◆ **Work task**
Of the entries below, restate word for word only the section that runs from the line with "Immunohistochemistry of paraffin-embedded" to the line with "Cancerul de papilă duodenală majore", counting both ends.

==== Listed entries ====

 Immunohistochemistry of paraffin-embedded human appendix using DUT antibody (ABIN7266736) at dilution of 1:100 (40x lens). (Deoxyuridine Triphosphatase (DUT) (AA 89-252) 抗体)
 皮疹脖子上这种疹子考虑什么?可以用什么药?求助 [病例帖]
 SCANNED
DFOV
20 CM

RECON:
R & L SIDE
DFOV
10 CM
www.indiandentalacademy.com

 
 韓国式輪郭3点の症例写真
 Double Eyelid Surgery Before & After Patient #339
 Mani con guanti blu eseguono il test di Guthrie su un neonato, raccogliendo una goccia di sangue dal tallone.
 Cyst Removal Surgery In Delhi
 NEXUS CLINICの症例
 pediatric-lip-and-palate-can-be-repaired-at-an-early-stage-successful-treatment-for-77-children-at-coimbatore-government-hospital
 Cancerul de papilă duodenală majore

====
==== Listed entries ====

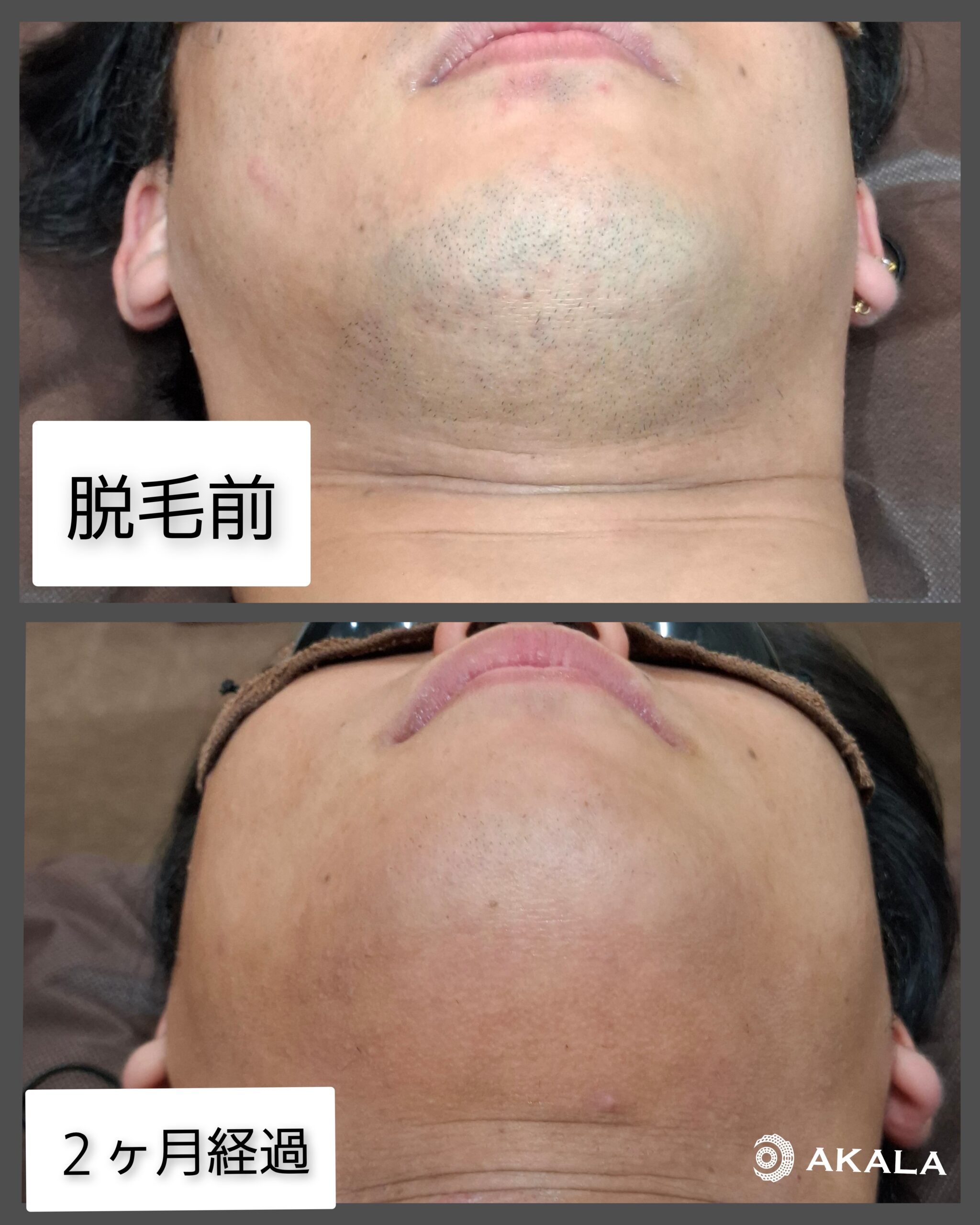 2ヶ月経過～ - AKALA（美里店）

====
==== Listed entries ====

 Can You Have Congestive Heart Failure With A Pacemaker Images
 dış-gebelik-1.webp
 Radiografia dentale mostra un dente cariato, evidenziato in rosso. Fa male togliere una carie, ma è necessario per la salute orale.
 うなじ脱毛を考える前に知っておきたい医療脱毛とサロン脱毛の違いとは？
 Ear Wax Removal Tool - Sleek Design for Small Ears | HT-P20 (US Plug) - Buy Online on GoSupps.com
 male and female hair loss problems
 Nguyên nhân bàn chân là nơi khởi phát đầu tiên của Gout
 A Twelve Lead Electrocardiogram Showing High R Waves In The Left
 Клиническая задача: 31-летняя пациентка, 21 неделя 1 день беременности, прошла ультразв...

====

◆ **Solution to the problem**
 Immunohistochemistry of paraffin-embedded human appendix using DUT antibody (ABIN7266736) at dilution of 1:100 (40x lens). (Deoxyuridine Triphosphatase (DUT) (AA 89-252) 抗体)
 皮疹脖子上这种疹子考虑什么?可以用什么药?求助 [病例帖]
 SCANNED
DFOV
20 CM

RECON:
R & L SIDE
DFOV
10 CM
www.indiandentalacademy.com

 
 韓国式輪郭3点の症例写真
 Double Eyelid Surgery Before & After Patient #339
 Mani con guanti blu eseguono il test di Guthrie su un neonato, raccogliendo una goccia di sangue dal tallone.
 Cyst Removal Surgery In Delhi
 NEXUS CLINICの症例
 pediatric-lip-and-palate-can-be-repaired-at-an-early-stage-successful-treatment-for-77-children-at-coimbatore-government-hospital
 Cancerul de papilă duodenală majore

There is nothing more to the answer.